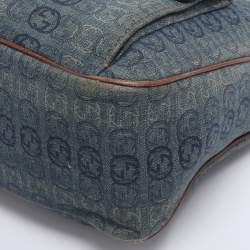 Pre Owned Gucci Blue/Brown GG Denim and Leather Abby Shoulder Bag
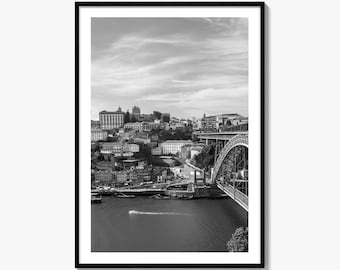 Porto Skyline Black and White Fine Art Photo Print, Douro River Portugal Poster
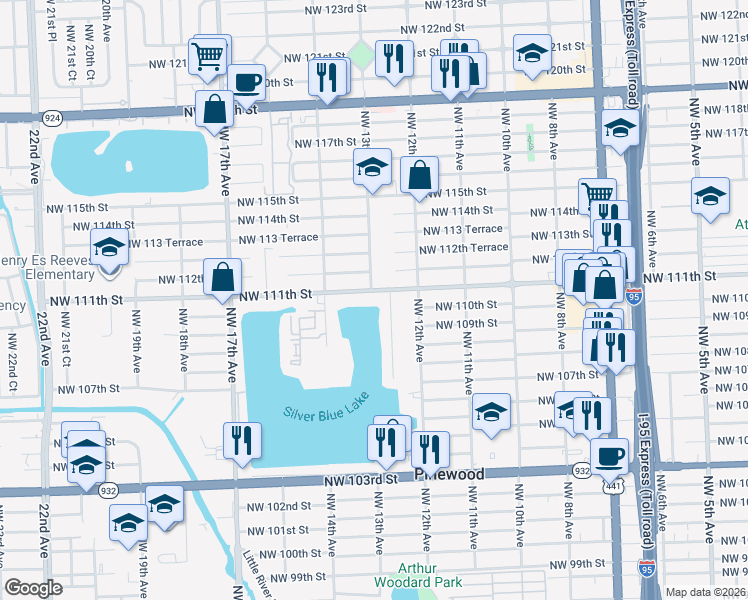 map of restaurants, bars, coffee shops, grocery stores, and more near 10930 Northwest 12th Court in Miami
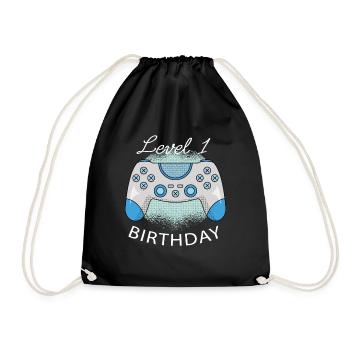 Level 1 Birthday Play Birthday Present - Turnbeutel - Schwarz - Vorne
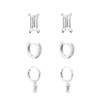 Sterling Silver 925 Cubic Zirconia Emerald Cut Earring Set - Pack of 3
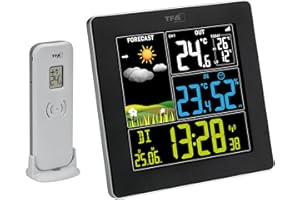 TFA Dostmann Wetterstation Funk mit Außensensor SUN2 digital, 35.1174, für Innen und Außentemperatur, großes Farbdisplay, mit Wohnklima, inkl Funkuhr mit Datum, Hygrometer, mit Netzadapter, schwarz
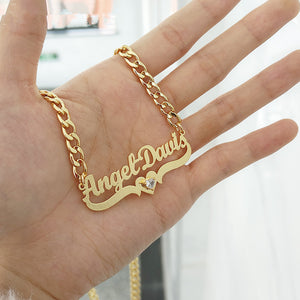 Collar con nombre personalizado DIY con piedra de nacimiento en forma de corazón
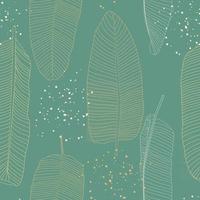 banaan palmbladeren natuurlijke naadloze patroon achtergrond. vector illustratie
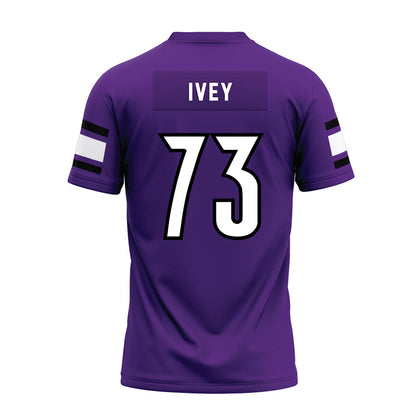 Stonehill - NCAA Football : Connor Ivey - Purple Premium Football Jersey-1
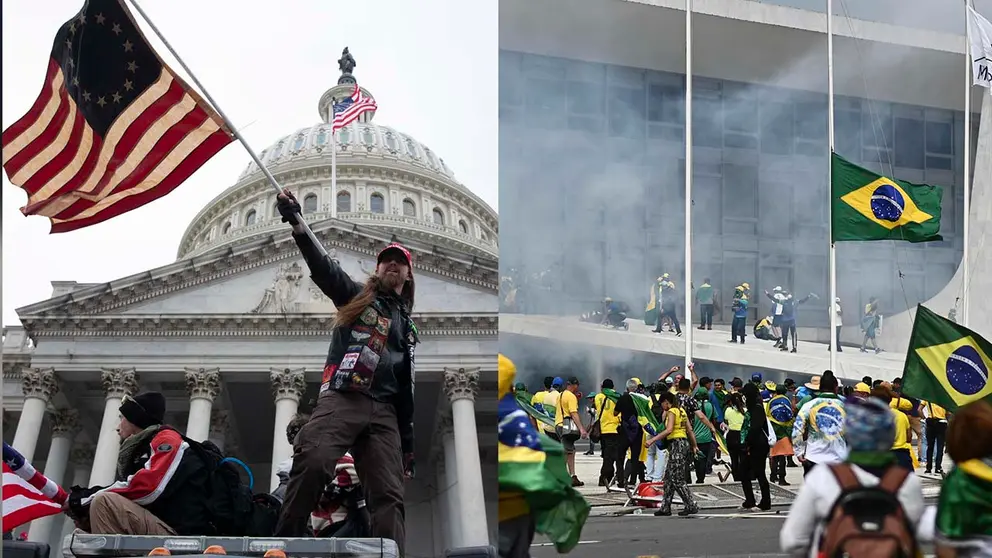 Combo de fotograf&iacute;as que muestra, a la izquierda, a dos manifestantes pro Trump durante la toma del Capitolio el 6 de enero de 2021, en Washington (EE.UU.) y a la derecha, la toma de hoy por parte de manifestantes Bolsonaristas en la sede del poder de la rep&uacute;blica de Brasil. EFE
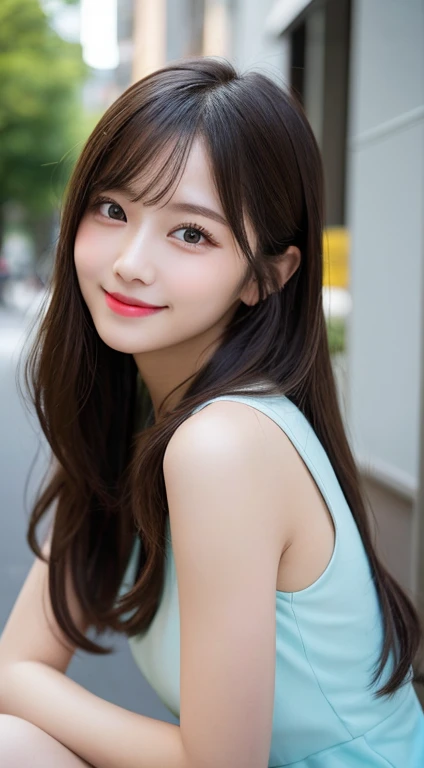 Tabletop, Highest quality, figure, Very detailed, In detail, High resolution, 8k wallpaper, Perfect dynamic composition, Beautiful attention to detail, Summer Dresses,Long Hair, Natural color lip, Bold sexy pose,smile,Harajuku、20-year-old girl、Cute Face、sexy shot looking at camera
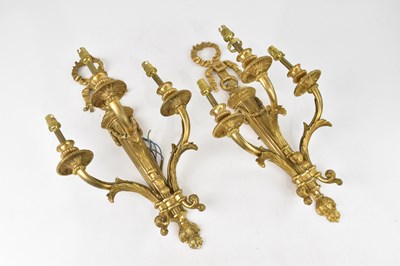 Lot 2412 - A pair of good quality gilt metal three branch...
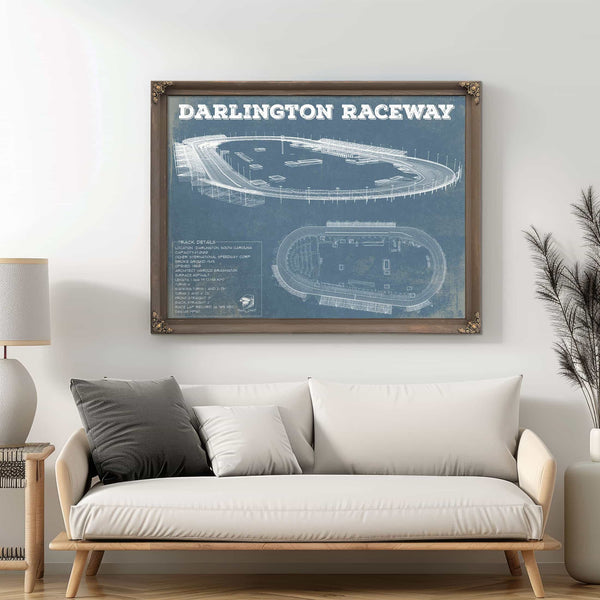 Darlington Raceway Charcoal Blueprint NASCAR Race Track Print
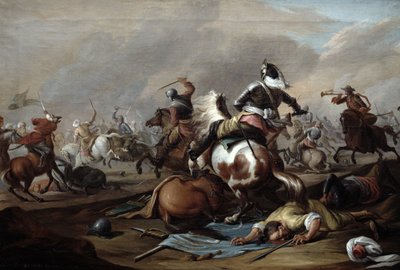 De botsing van de cavalerie, 1770 door Dirk Langendyk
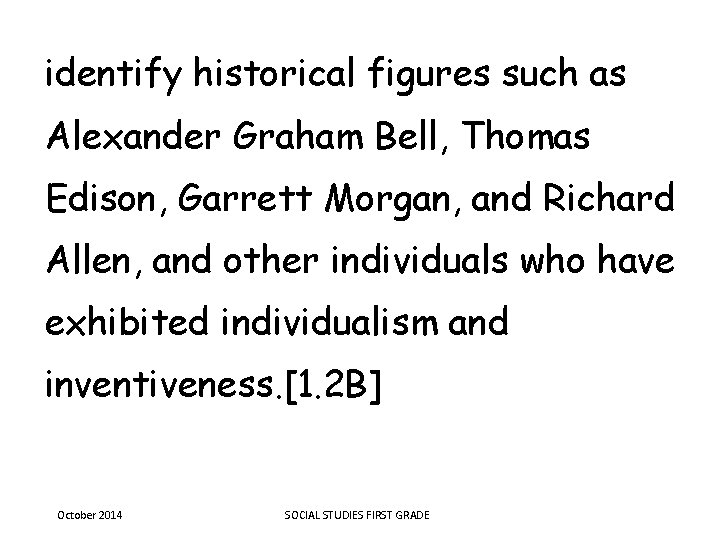 identify historical figures such as Alexander Graham Bell, Thomas Edison, Garrett Morgan, and Richard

◇ ◇ ◇ ◇ ◇

▸ PROBLEM TO SOLVE
Write out exactly the lines beginning with the line that holds "Darlington Raceway Charcoal" and ending with the final line of the data, both ends included, without the pictures.

▸ TASK OUTPUT
 Darlington Raceway Charcoal Blueprint NASCAR Race Track Print
 De botsing van de cavalerie, 1770 door Dirk Langendyk
 identify historical figures such as Alexander Graham Bell, Thomas Edison, Garrett Morgan, and Richard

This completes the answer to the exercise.